Brasilia was about more than aesthetics, however; it was also about social programming. In Brasilia, there was to be no divide between rich and poor. Ministers and workers would live in the same buildings, all of which would be owned by the government. The buildings themselves were integrated with nature. Many were supported by columns, allowing the open space beneath to flow out into extensive green areas.

The city was laid out into separate zones, divided by two monumental boulevards – the 7km long Eixo Monumental, lined with the city’s key buildings, bisected by a 14km north-south boulevard. The boulevards divide the city into separate zones: government zones, commercial  zones, hotel zones and residential zones.

Arriving in Brasilia, the first thing that strikes you is the scale of the place. Brasilia’s long boulevards and wide spaces are designed for driving, not walking, a reminder that in the 1950s, the car was considered an instrument of liberation, admired for the freedom it offered.

Fortunately, I have a car at my disposal, thanks to my guide for the day. Roberto Carneiro Torres specialises in architectural tours, and together we criss-cross the city, exploring some of its most recognisable buildings.

The Brasilia we see today is still very much Niemeyer’s city, which is itself a victory of sorts. Just five years after the city was inaugurated, the military staged a coup, ousting Januschek’s successor and bringing democracy to end in Brazil for 20 years. Niemeyer, well-known for his left-wing views, had his office pillaged, and ended up in exile in Europe. Once democracy was restored, however, Niemeyer returned to work on Brasilia, completing a total of 160 buildings before his death in 2012.

Only a few of his buildings are open to visitors. The Itaramaraty Palace, which houses the foreign affairs ministry, offers several tours a day, giving visitors the opportunity to admire the building’s sculptural central staircase and collection of Brazilian art. And then, of course, there’s the magnificent National Cathedral.
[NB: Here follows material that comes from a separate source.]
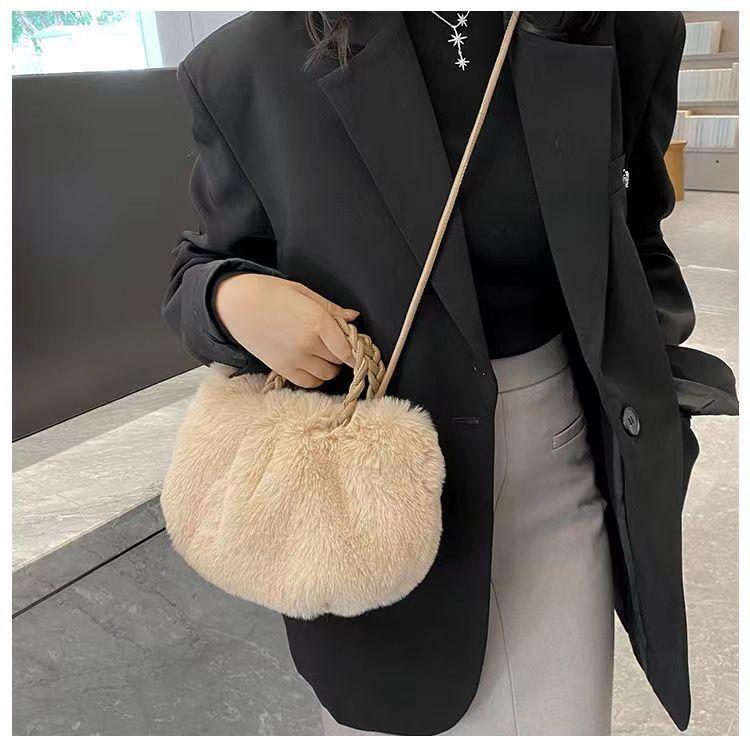 Plyšová taška, podzimní a zimní všestranná kabelka, nová skládaná taška cloud, prémiová taška přes rameno, dámská taška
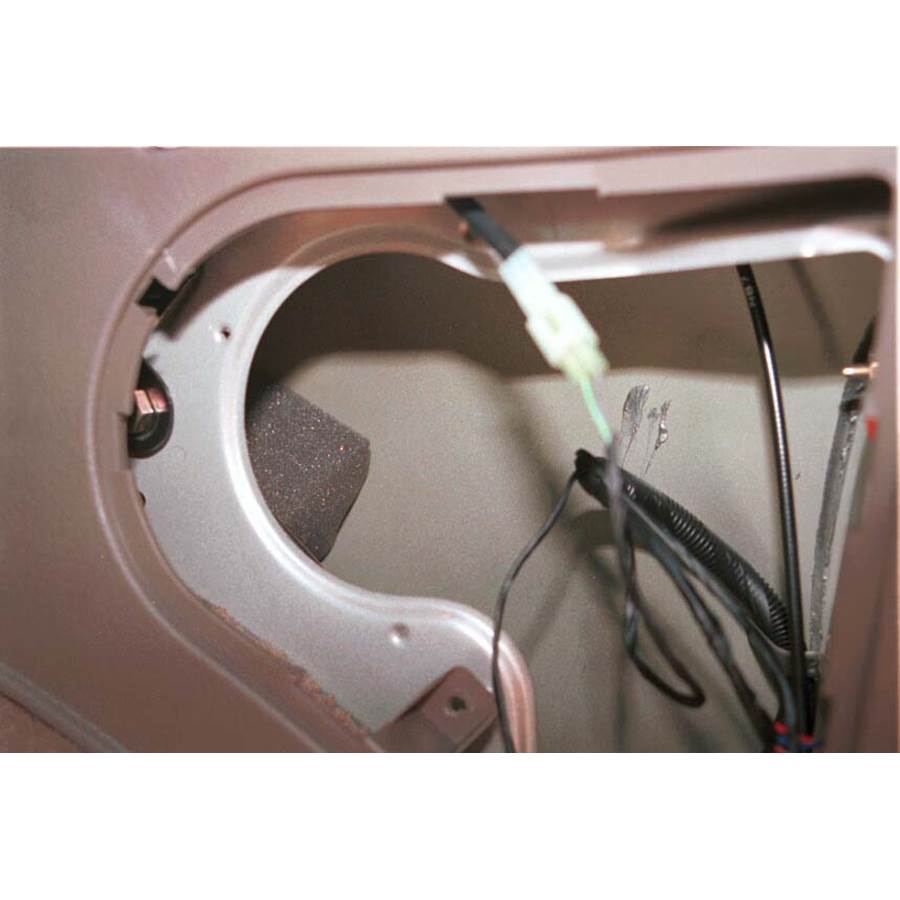 1998 Kia Sportage Far-rear side speaker removed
While its exterior, inspired by the crown of thorns, is striking, the interior is surprisingly serene, dominated by its patterned glass roof through which you can see the clouds drifting past. Torres explains that the original design featured sheer glass panels which, under Brasilia’s blazing sun, often overheated the church. At Niemeyer’s urging, stained glass artist Mariana Peretti created new panels in 1989, made of German glass which refracts the heat.

The cathedral is not Brasilia’s only remarkable church. Torres takes me to the Sanctuary of Dom Bosco, designed by Carlos Alberto Naves. Its plain exterior – a simple concrete box with tall lancet windows – contrasts with the jewel-like interior, filled with coloured light filtering through windows stained in 12 different shades of blue. Naves also had an eye for quirky details: Torres shows me how the windows are louvred, to provide ventilation, and also points out that the ornate ceiling is made, of all things, of pressed cardboard.